John Emery is the manager of Michael’s Cycles in Chaska, Minnesota, where the local high school team has been doubling in size every year (it’s now up to 40-plus members). “NICA is just bonkers,” he says. “The number of new people getting on bikes for the first time in their lives, it’s just huge. I’ve never seen anything like it.” (Trying to help someone else discover the magic of cycling? Check out our Get Someone Riding gift pack!)
And not all of those new riders are kids. “Once the kids get involved, the parents get enthusiastic about mountain biking as well,” says Erik Saltvold, owner of Erik’s Bike, Board, and Ski, which has 24 locations in Wisconsin and Minnesota. “It brings whole families into the sport.”

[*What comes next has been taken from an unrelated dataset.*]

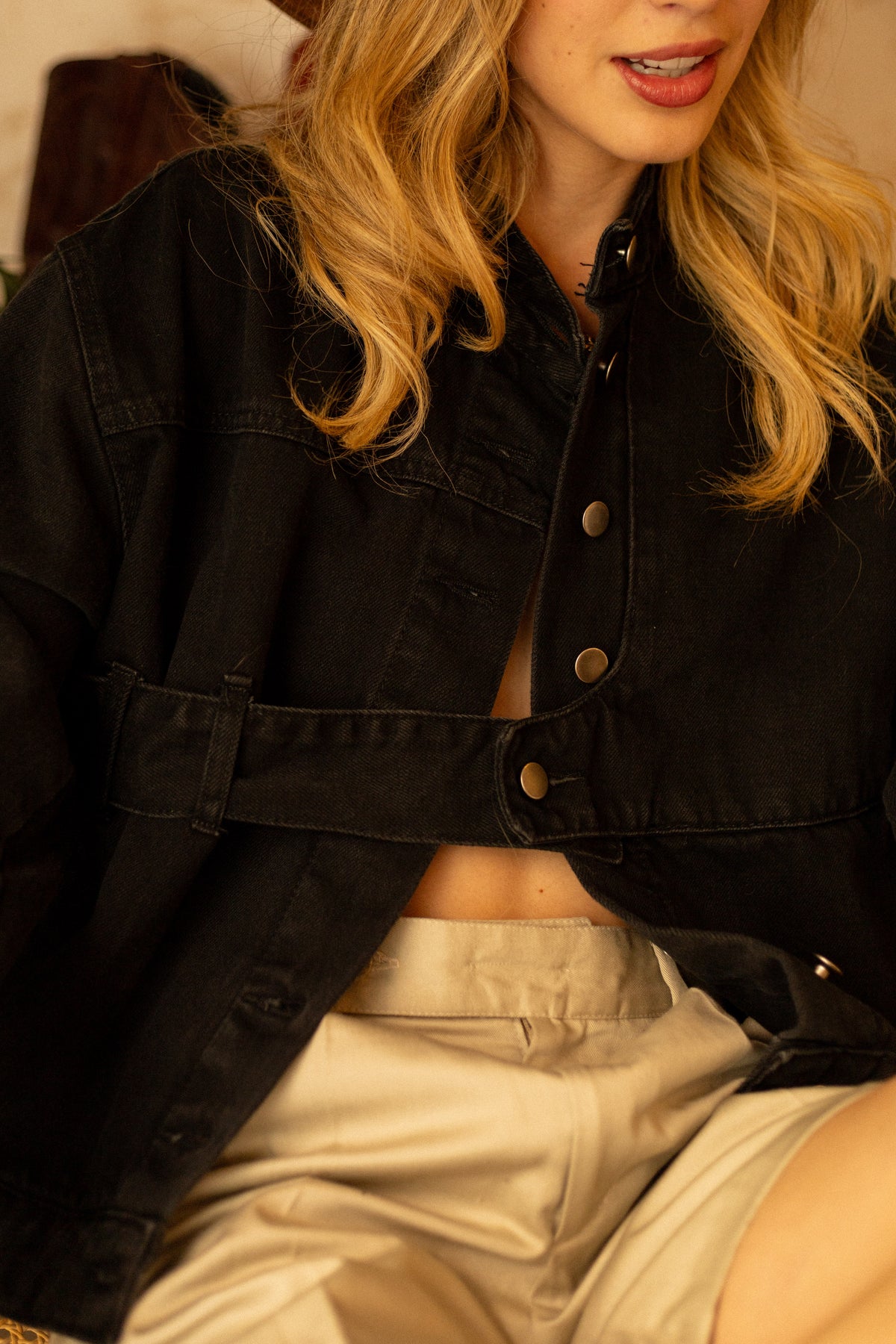 Jacket Negro · Elemento · vista 3 · diseño latinoamericano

Junior racers compete at Cuyuna Lakes in Ironton, Minnesota. Thirty-five years after mining companies left the area, more than 25 miles of red-dirt trails weave around clear lakes. “I tell the kids at the beginning of the year that if you stick this out it’s going to be very hard,” says Cuyuna Lakes coach Shaun Anderson, “but you’re going to be rewarded beyond what you can imagine.” Andy Richter
There are challenges. Programs rely on volunteer coaches, who can be hard to secure. And there’s no getting around the fact that the sport is expensive (NICA estimates the cost of a season per student at between $1,275 and $2,275, depending on the price of the bike), although the leagues offer scholarships and some have loaner-bike programs. And while it’s growing fast—by 2020, NICA expects to have 18,000 student athletes—it’s small compared with more established sports such as football and cross-country, which had about 1.1 million and 480,000 athletes, respectively, in the 2015-16 season. But it’s impressive that NICA continues to pick up recruits even as some traditional sports programs are showing signs of attrition: Since 2009, the year NICA started, Minnesota’s high school football programs alone have lost more than 2,200 athletes.
“A lot of these kids have done football, baseball, and haven’t really found their place in traditional sports,” says Shaun Anderson, who coaches the Cuyuna Lakes team in northern Minnesota. “They find this and it’s given them a home.”
Ellie Pfeiffer, 16, of Prior Lake High School, says bike racing has been “very empowering,” and is only looking at colleges that have mountain bike teams or clubs. Her father, Mike, is the founder of Wolf Tooth Components. “Three or four years ago, almost everyone on the trails and at local races was my generation,” he says. “But now there are a lot of kids riding.” Andy Richter
McInerny says that what’s happening in Minnesota is a snapshot of what NICA is experiencing in most of its programs. And that bodes well for cycling’s future: NICA’s own survey found that 99.7 percent of its riders consider themselves lifelong cyclists. We asked one rider, Madonna Moua, of Patrick Henry High School, if she’d miss racing after graduation. She thought about it, looked up at the hill, and said, “No. I’m going to go to college somewhere with a lot of mountains.”